### [PROBLEM STATEMENT]
No picture belongs in the answer, which must hold exactly the lines from the one with "Certified 2023 Toyota Corolla LE image 14" through the final line below.

**** INPUT DATA

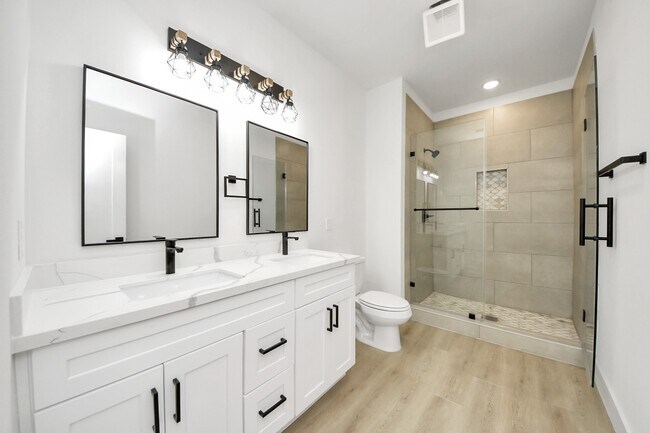 Building Photo - 1316 W Willis St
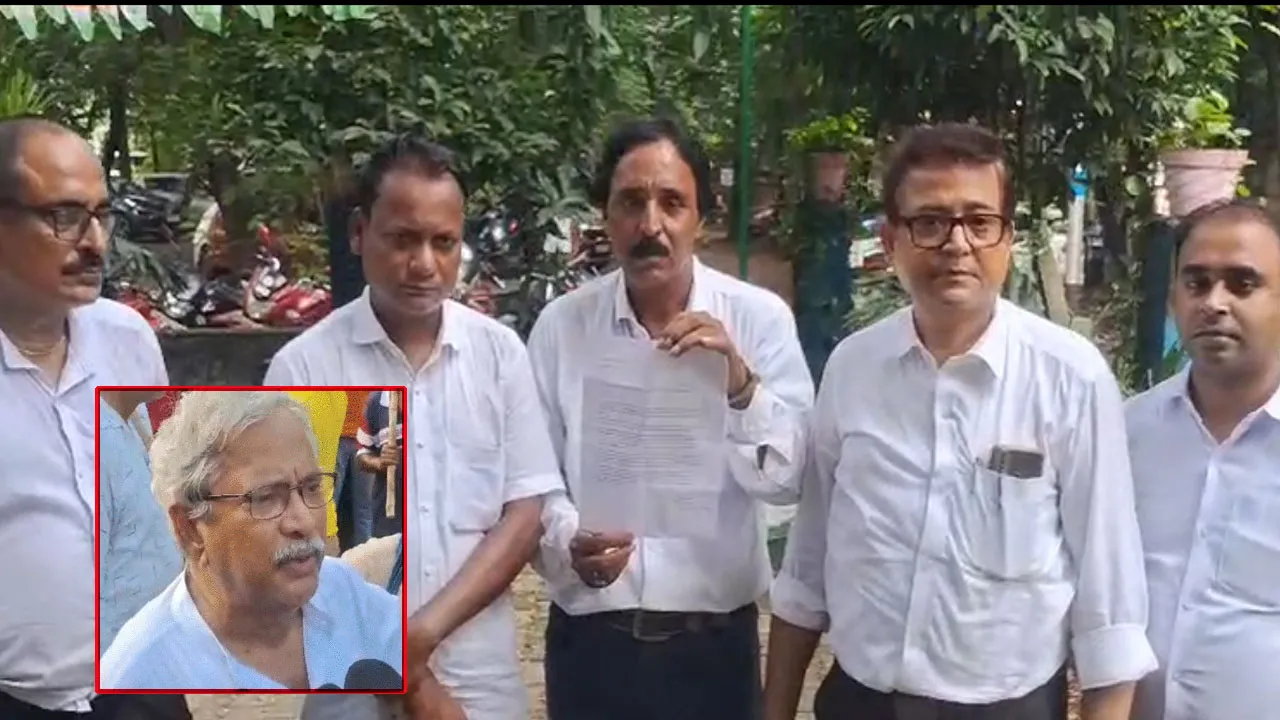 দুর্গাপুরে বাম নেতার কুকথায় থানায় অভিযোগ দায়ের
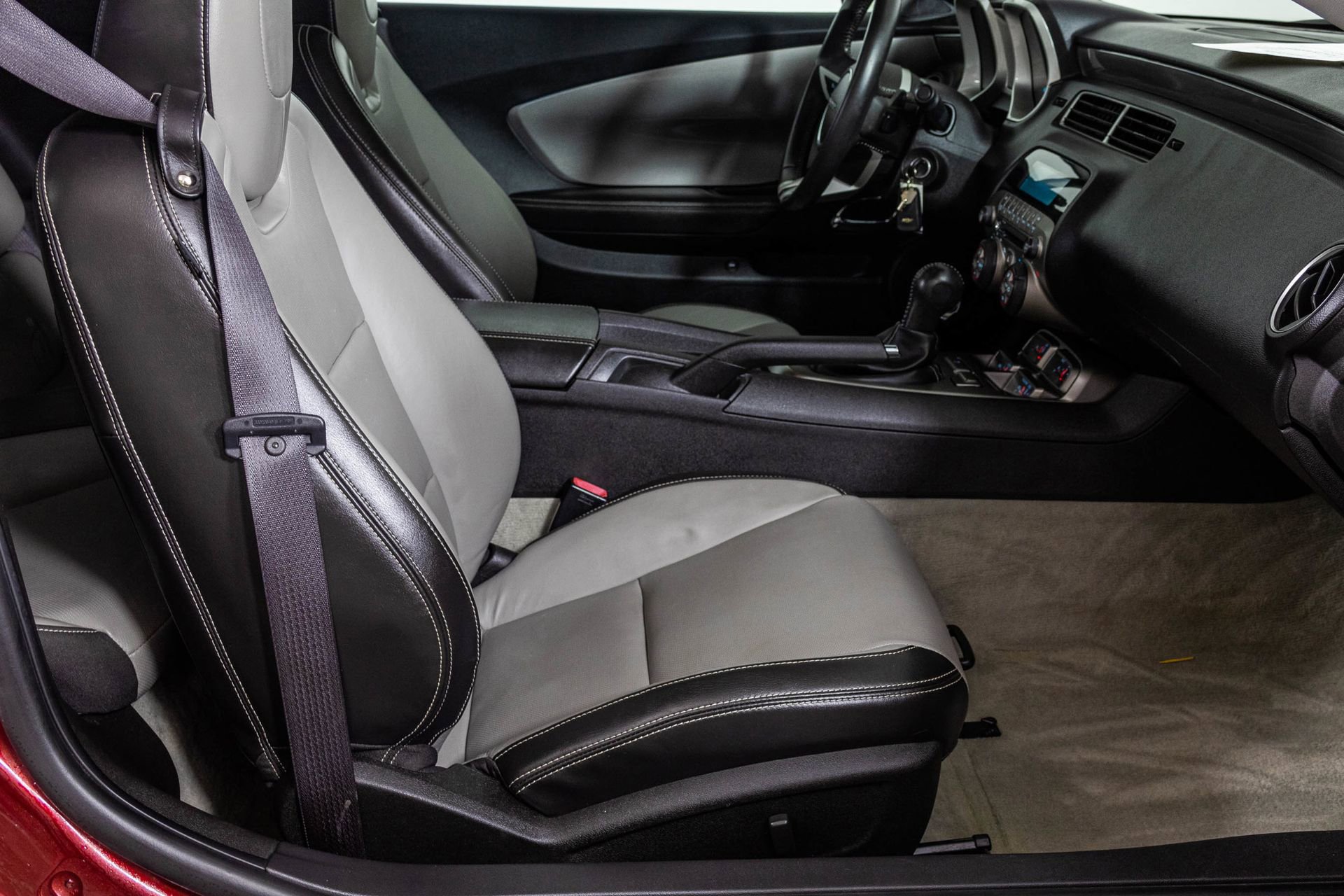 Used 2010 Chevrolet Camaro SS w/ RS Package image 42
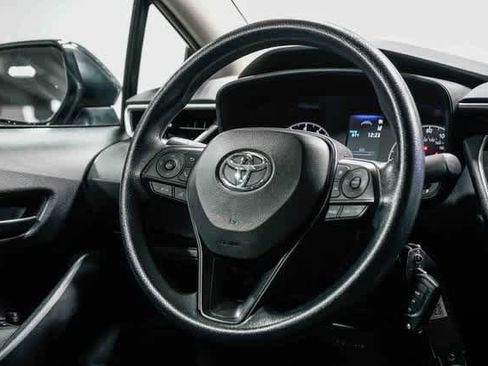 Certified 2023 Toyota Corolla LE image 14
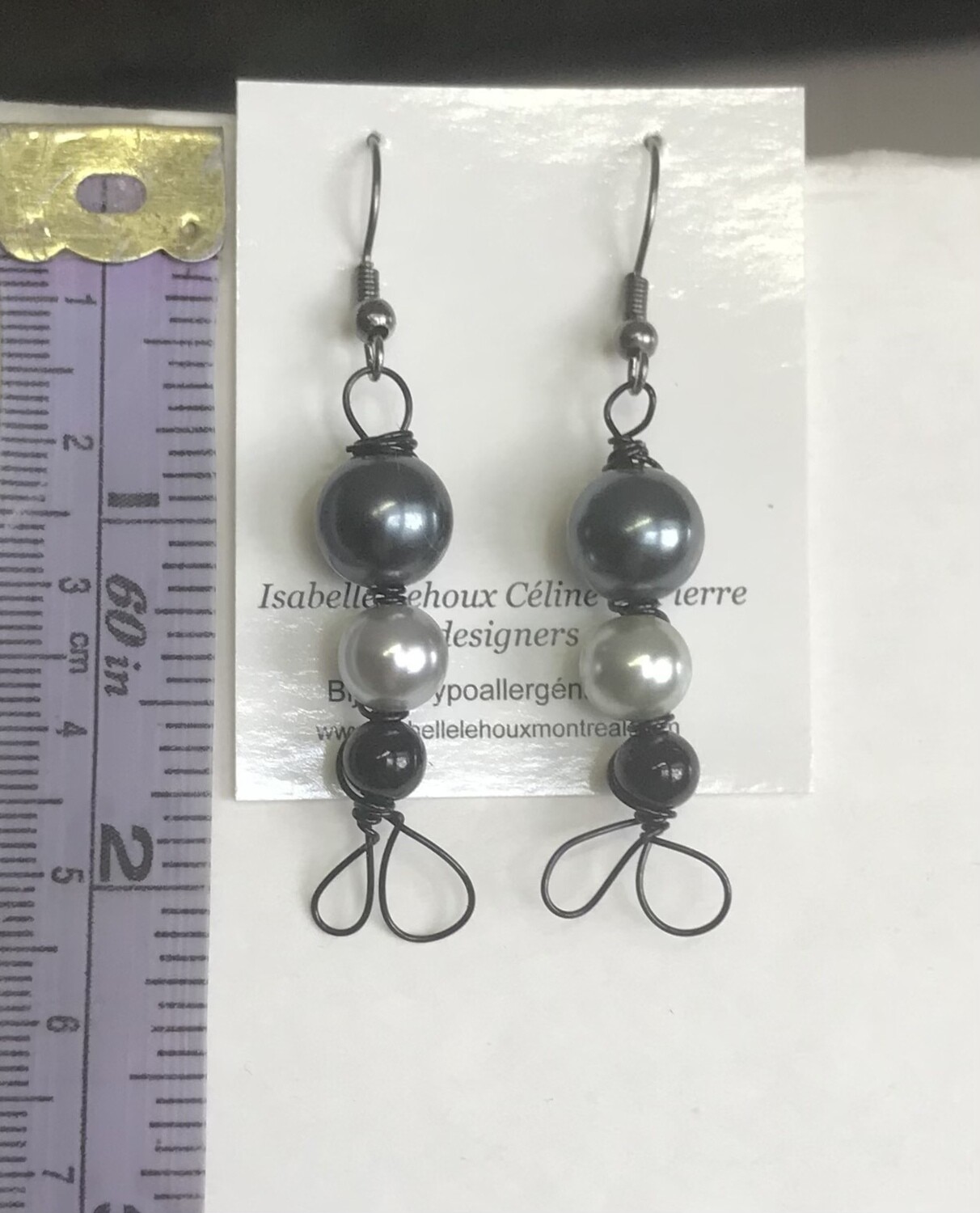 BOUCLES D’OREILLES TRIOLET PERLES GRISES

********

### [SOLUTION TO THIS PROBLEM]
 Certified 2023 Toyota Corolla LE image 14
 BOUCLES D’OREILLES TRIOLET PERLES GRISES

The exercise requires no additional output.